Problem details
Look through the entries below and show every line containing the word "Black".

Items from a dataset
□ □ □ □ □

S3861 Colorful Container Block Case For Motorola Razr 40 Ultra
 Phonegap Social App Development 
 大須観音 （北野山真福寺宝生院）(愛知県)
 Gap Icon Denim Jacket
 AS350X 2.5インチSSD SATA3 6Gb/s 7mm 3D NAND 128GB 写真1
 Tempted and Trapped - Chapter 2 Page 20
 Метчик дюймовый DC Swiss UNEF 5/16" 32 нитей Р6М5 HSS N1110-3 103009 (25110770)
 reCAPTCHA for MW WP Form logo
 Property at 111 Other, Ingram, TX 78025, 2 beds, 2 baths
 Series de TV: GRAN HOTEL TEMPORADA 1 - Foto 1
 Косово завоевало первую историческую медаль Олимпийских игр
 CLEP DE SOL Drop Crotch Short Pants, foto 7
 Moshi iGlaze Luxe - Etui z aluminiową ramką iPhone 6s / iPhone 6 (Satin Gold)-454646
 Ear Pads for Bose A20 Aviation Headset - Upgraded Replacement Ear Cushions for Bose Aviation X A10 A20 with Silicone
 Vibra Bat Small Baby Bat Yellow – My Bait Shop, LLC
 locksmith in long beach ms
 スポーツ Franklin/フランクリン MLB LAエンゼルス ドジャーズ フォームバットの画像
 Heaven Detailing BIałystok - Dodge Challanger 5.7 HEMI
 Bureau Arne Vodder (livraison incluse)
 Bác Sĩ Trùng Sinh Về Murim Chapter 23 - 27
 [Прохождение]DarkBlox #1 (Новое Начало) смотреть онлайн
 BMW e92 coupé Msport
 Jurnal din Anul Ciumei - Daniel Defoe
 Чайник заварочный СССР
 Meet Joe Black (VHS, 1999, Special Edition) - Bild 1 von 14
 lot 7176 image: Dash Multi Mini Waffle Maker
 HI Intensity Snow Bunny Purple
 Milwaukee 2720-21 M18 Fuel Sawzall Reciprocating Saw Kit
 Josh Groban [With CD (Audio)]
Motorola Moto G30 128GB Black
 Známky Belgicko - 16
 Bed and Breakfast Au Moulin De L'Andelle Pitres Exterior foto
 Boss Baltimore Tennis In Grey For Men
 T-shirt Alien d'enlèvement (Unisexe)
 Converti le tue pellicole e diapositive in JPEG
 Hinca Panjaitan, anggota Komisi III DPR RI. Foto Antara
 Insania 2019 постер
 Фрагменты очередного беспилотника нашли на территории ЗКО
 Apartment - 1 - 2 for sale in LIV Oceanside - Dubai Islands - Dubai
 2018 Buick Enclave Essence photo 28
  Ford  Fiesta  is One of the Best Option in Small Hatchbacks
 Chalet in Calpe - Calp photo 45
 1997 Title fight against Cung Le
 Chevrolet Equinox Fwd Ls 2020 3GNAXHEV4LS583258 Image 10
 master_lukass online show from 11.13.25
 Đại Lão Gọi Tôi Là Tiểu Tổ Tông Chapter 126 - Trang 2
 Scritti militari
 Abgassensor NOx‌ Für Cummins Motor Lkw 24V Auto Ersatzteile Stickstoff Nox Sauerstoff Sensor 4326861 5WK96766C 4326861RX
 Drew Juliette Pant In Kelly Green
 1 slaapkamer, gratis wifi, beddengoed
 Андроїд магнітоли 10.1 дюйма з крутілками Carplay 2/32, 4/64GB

□ □ □ □ □

Answer to the exercise
 Meet Joe Black (VHS, 1999, Special Edition) - Bild 1 von 14
Motorola Moto G30 128GB Black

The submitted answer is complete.